[Captioned web image data]

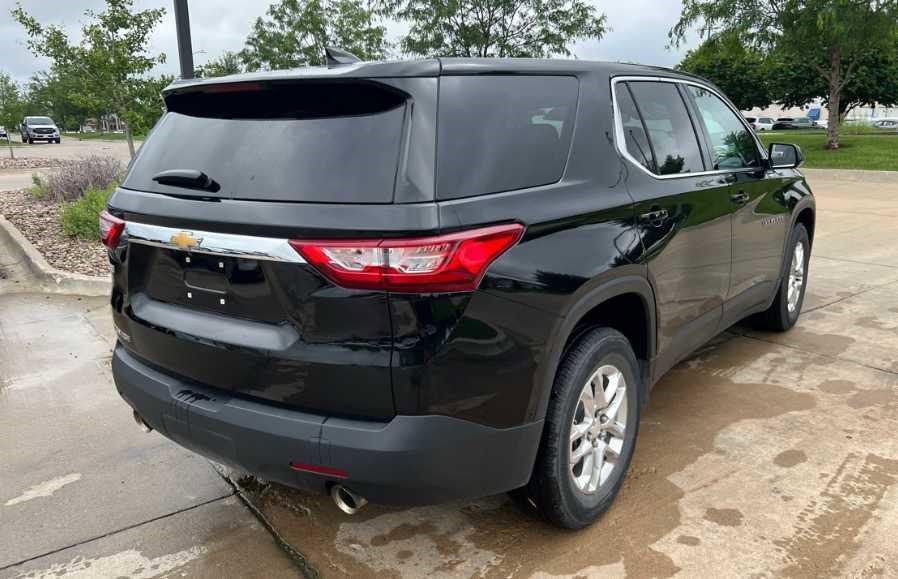 used 2020 Chevrolet Traverse car, priced at $22,247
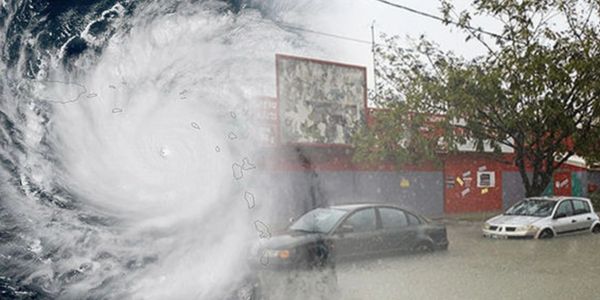 Hurricane Ian hits Florida causing severe flooding and water damage 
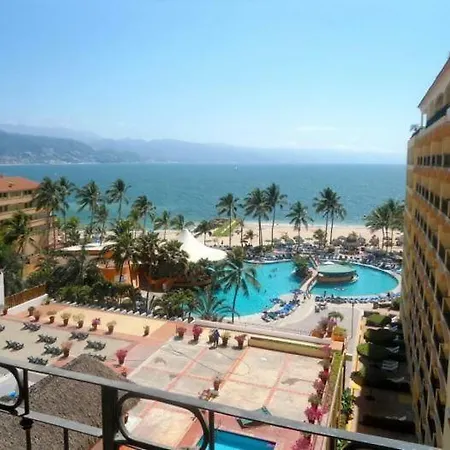 Oceanfront Condo - Sunscape Hotel-3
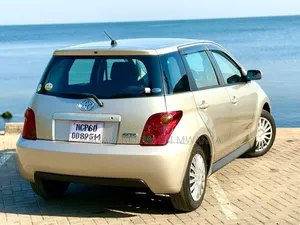 Toyota IST 2003 Silver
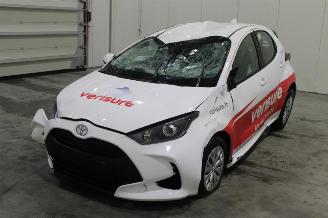 damaged passenger cars Toyota Yaris  2025/1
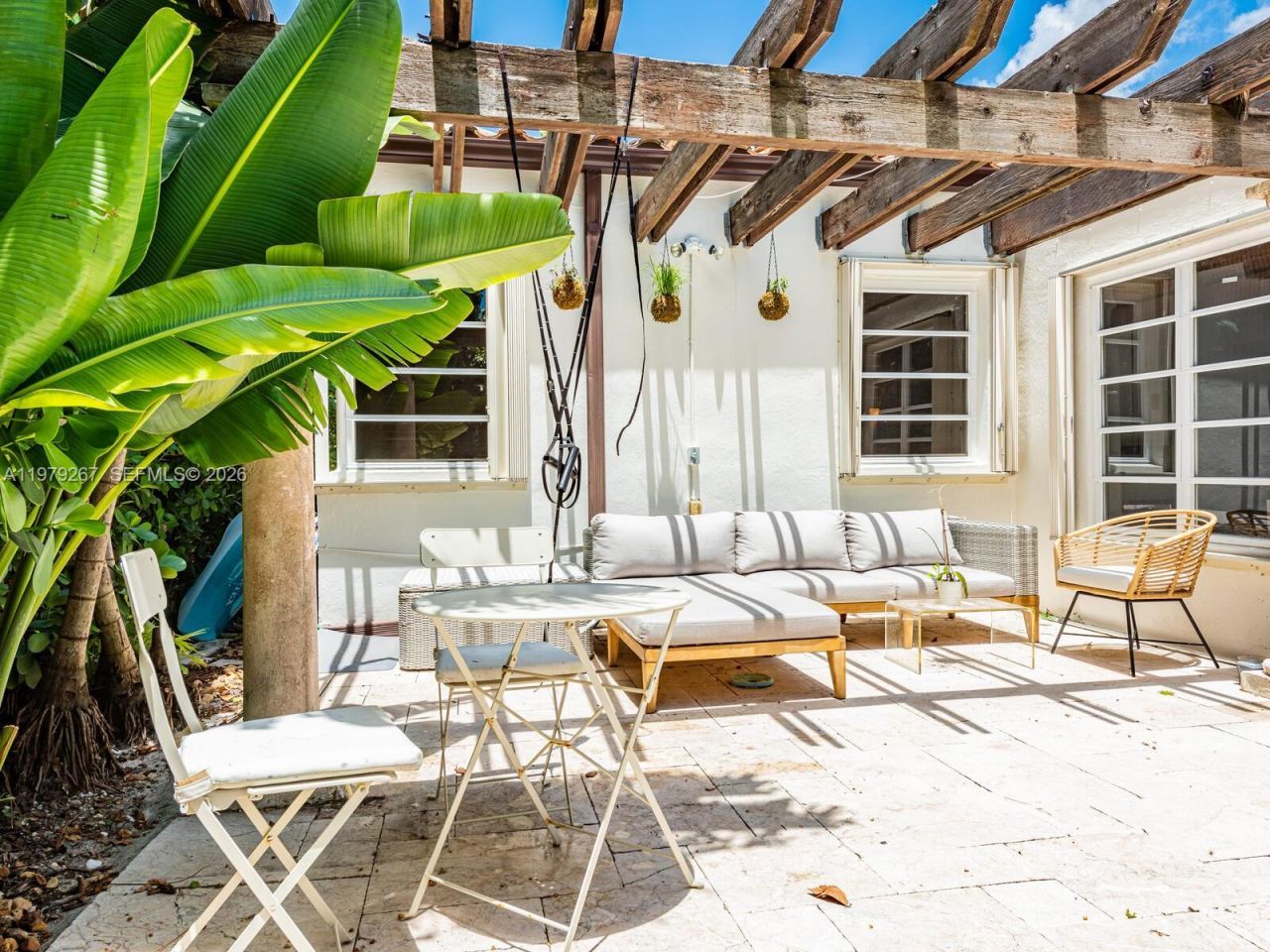 8927 Hawthorne Ave , Surfside, FL 33154 Photo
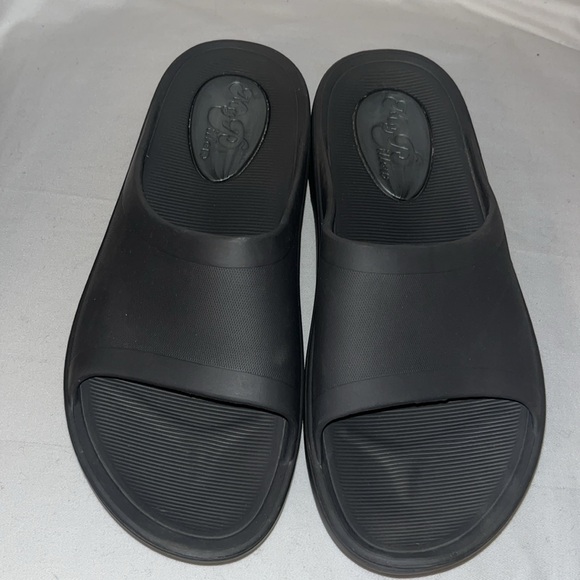 My Pillow Women’s Sandals size 10 - Picture 2 of 7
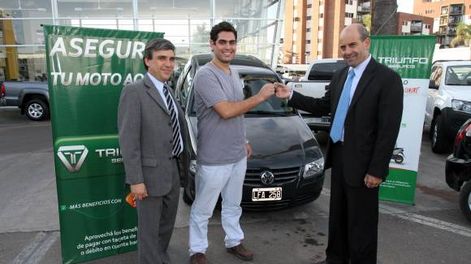 Triunfo Seguros premio a sus cliente con un auto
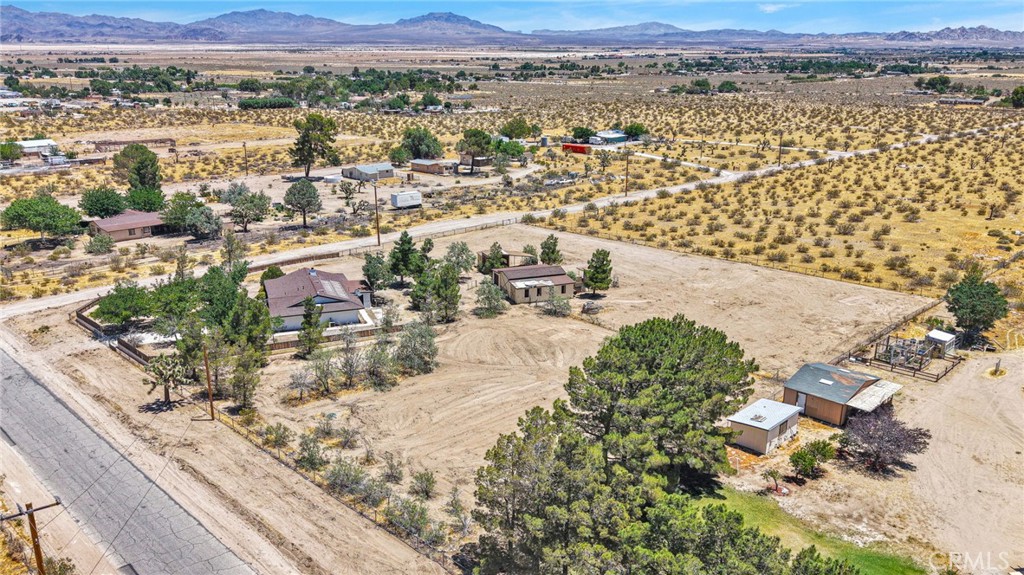 main property photo 40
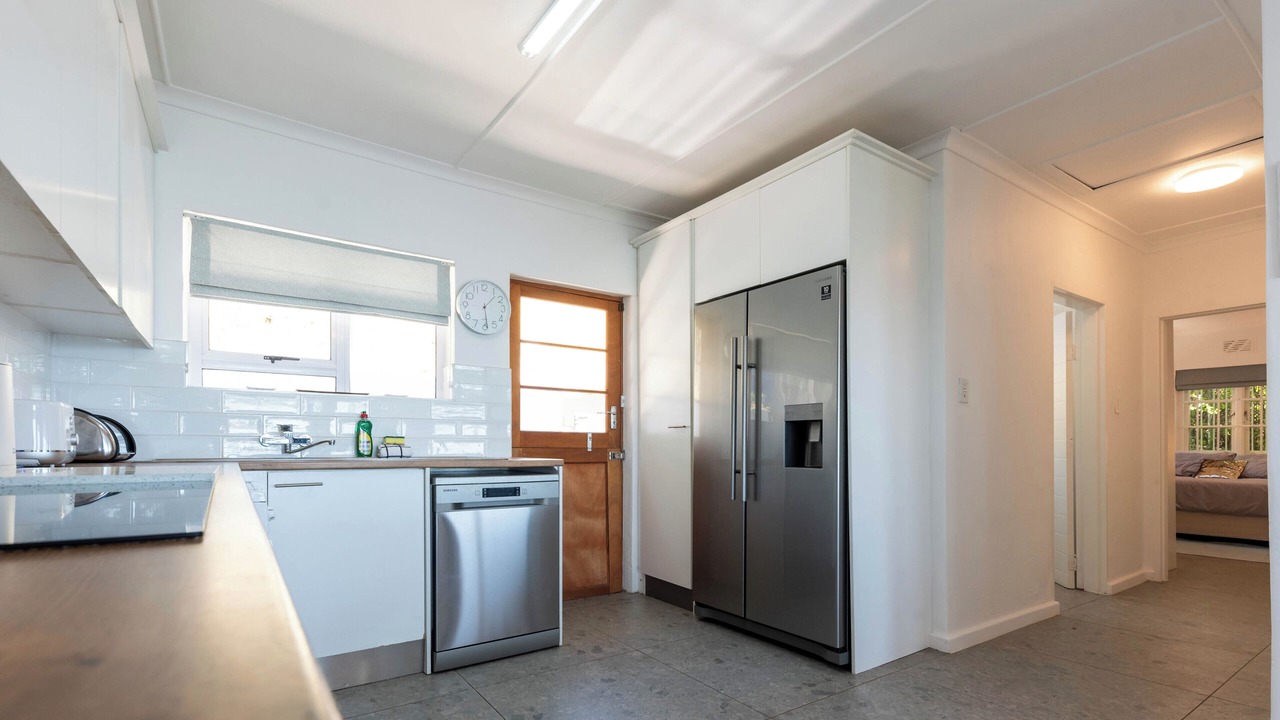 Photo of Kitchen in Gordons Bay Central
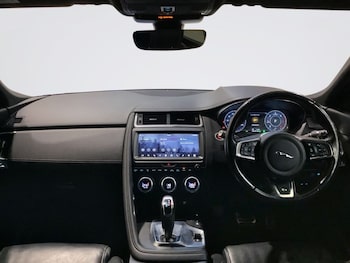 Used Jaguar E-Pace 2018 for sale - 79313024: Photo
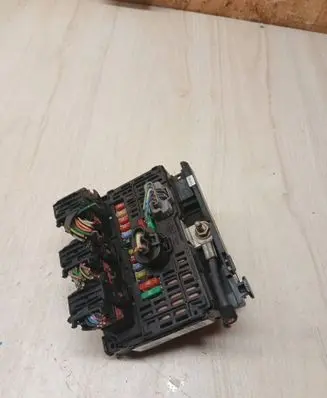 Citroen C4 I BSM Control unit BSML0400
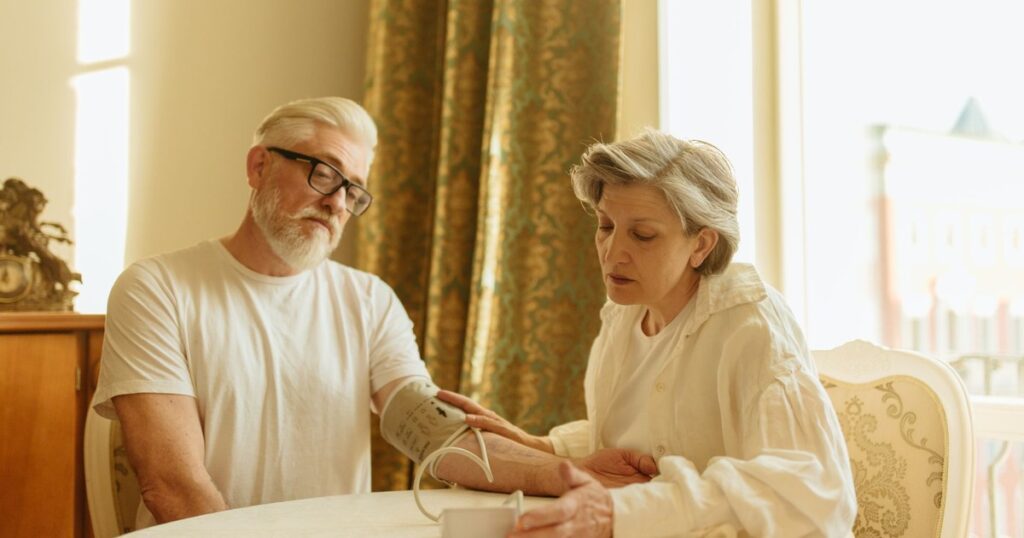 Why Blood Pressure Often Rises in the Morning - Featured image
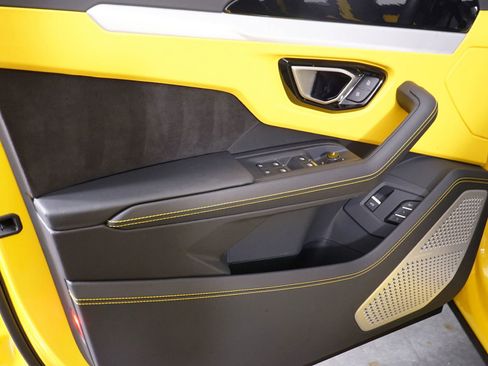 Used 2023 Lamborghini Urus S image 37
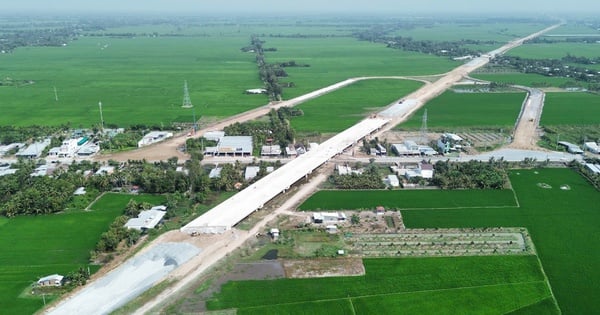 Removing obstacles to speed up two expressway projects in the Mekong Delta, creating development momentum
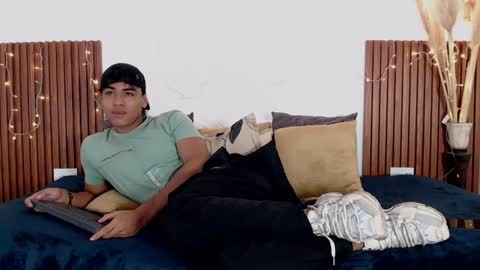 Zander online show from December 24, 2:12 pm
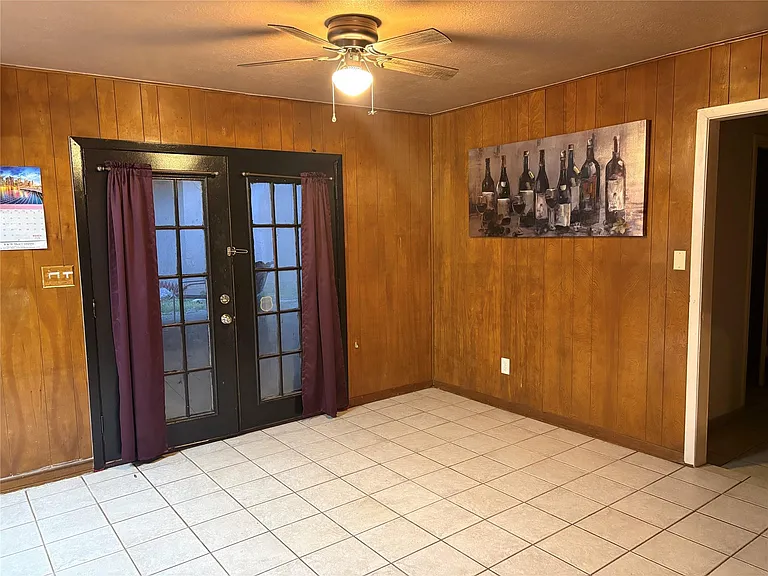 415 Zinn Dr — Photo 32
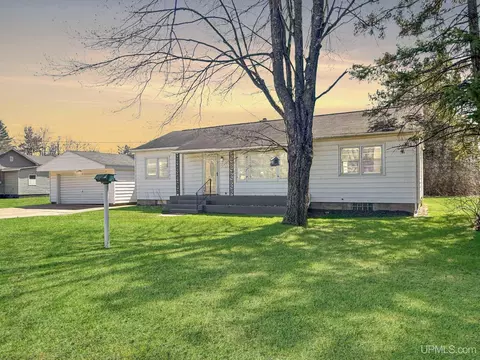 W6329 Us2, Norway, MI 49870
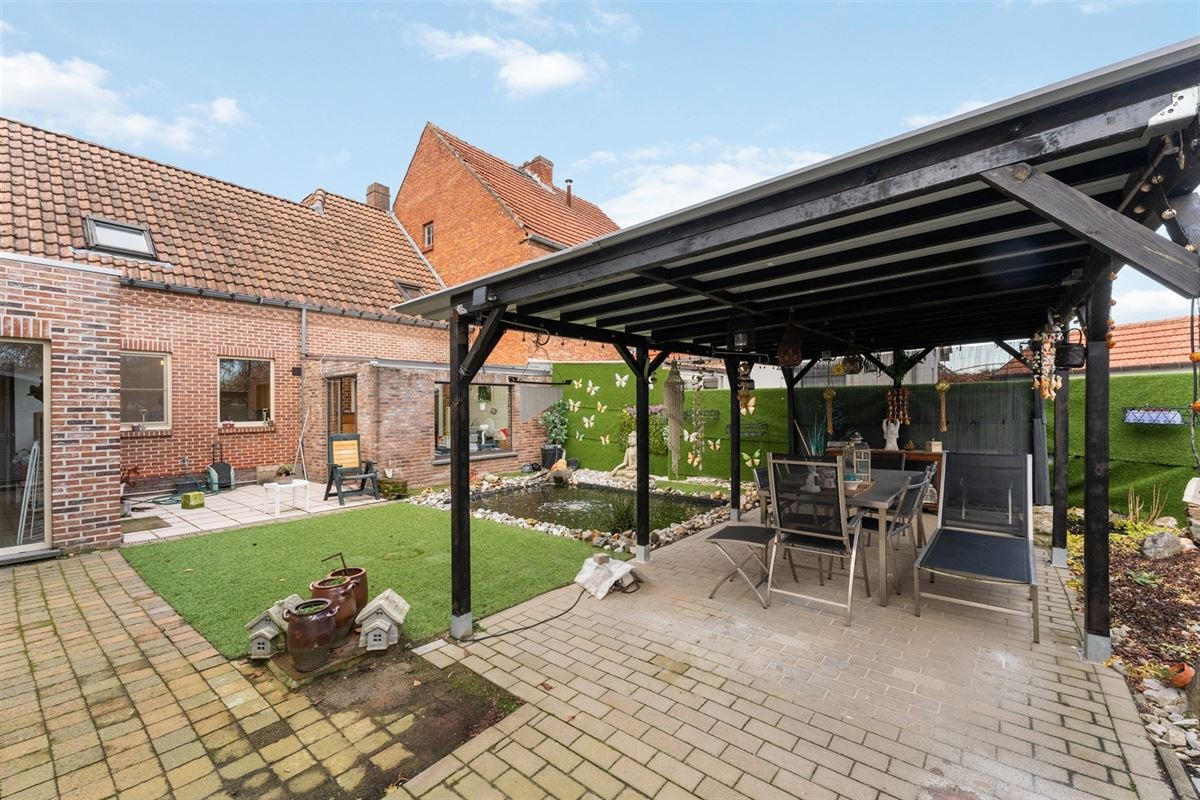 RUIME WONING MET 5 SLAAPKAMERS OP CENTRALE LIGGING VLAK BIJ BERINGEN CENTRUM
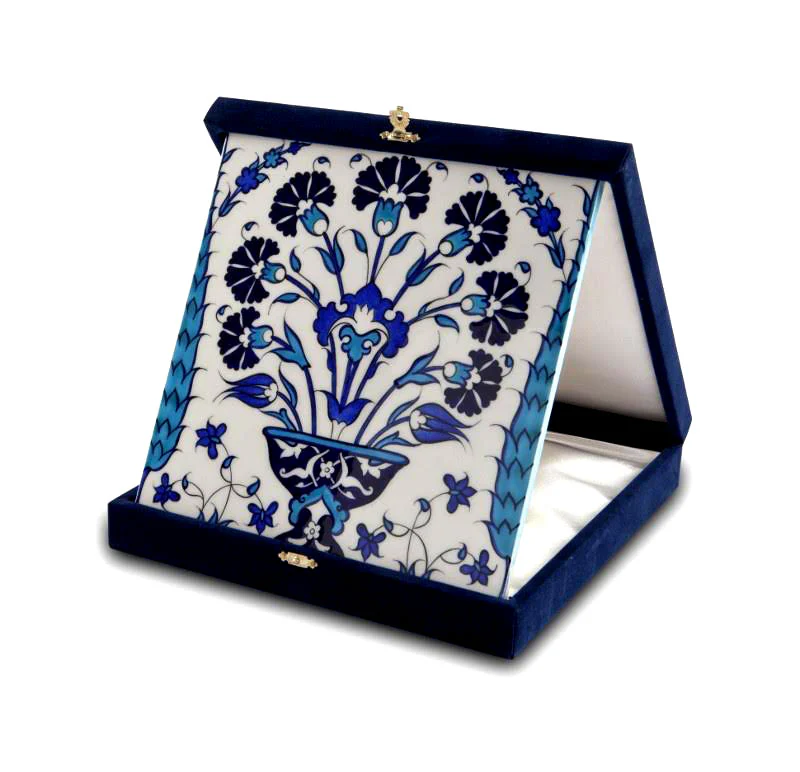 Iznik Tile with Bouquets of Carnations - Image 3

• _Work required_
From the line that contains "RUIME WONING MET" through the last line of the entries, transcribe every line exactly, leaving out the pictures.

• _Output_
 RUIME WONING MET 5 SLAAPKAMERS OP CENTRALE LIGGING VLAK BIJ BERINGEN CENTRUM
 Iznik Tile with Bouquets of Carnations - Image 3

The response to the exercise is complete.